Solved – Regression $R^2$ and correlations

correlationmultiple regressionr-squaredregression

I understand that for simple linear regression, the sample correlation coefficient is the square root of the $R^2$. But that's just for a simple (i.e., single variable) regression $Y=\beta_0+\beta_1X+\varepsilon$.

How about multiple regression, e.g., $Y=\beta_0+\beta_1X_1 + \beta_2X_2+\varepsilon$? Is there any relationship between the correlations $corr(Y, X_1)$, $corr(Y, X_2)$ and the regression $R^2$?

Best Answer

For two predictors, it is easy to write out the equation in algebraic form:

$R^2 = \frac{r^2_{x1,y} + r^2_{x2,y} - 2r_{x1,y}r_{x2,y}r_{x1,x2}}{1-r^2_{x1,x2}}$.
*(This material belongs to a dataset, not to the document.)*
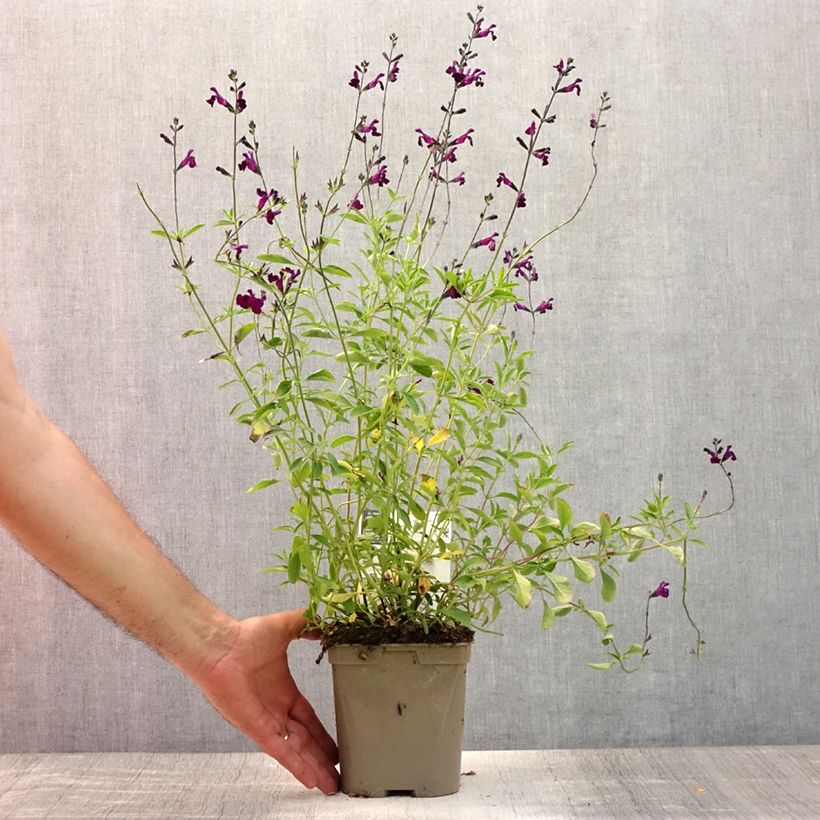 Esemplare di Salvia microphylla Nachtvlinder - Salvia arbustiva Vaso da 2L/3L consegnato in estate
As pointed out by @gung, you also need to know the correlation between $x1$ and $x2$.

EDIT: Just a quick example (in R) to illustrate this equation:

set.seed(12873)

x1 <- rnorm(20)
x2 <- .1*x1 + rnorm(20)
y  <- .8*x1 + .2*x2 + rnorm(20)

summary(lm(y ~ x1 + x2))$r.square
(cor(x1,y)^2 + cor(x2,y)^2 - 2*cor(x1,y)*cor(x2,y)*cor(x1,x2))/(1-cor(x1,x2)^2)

gives the exact same answer of 0.2928677.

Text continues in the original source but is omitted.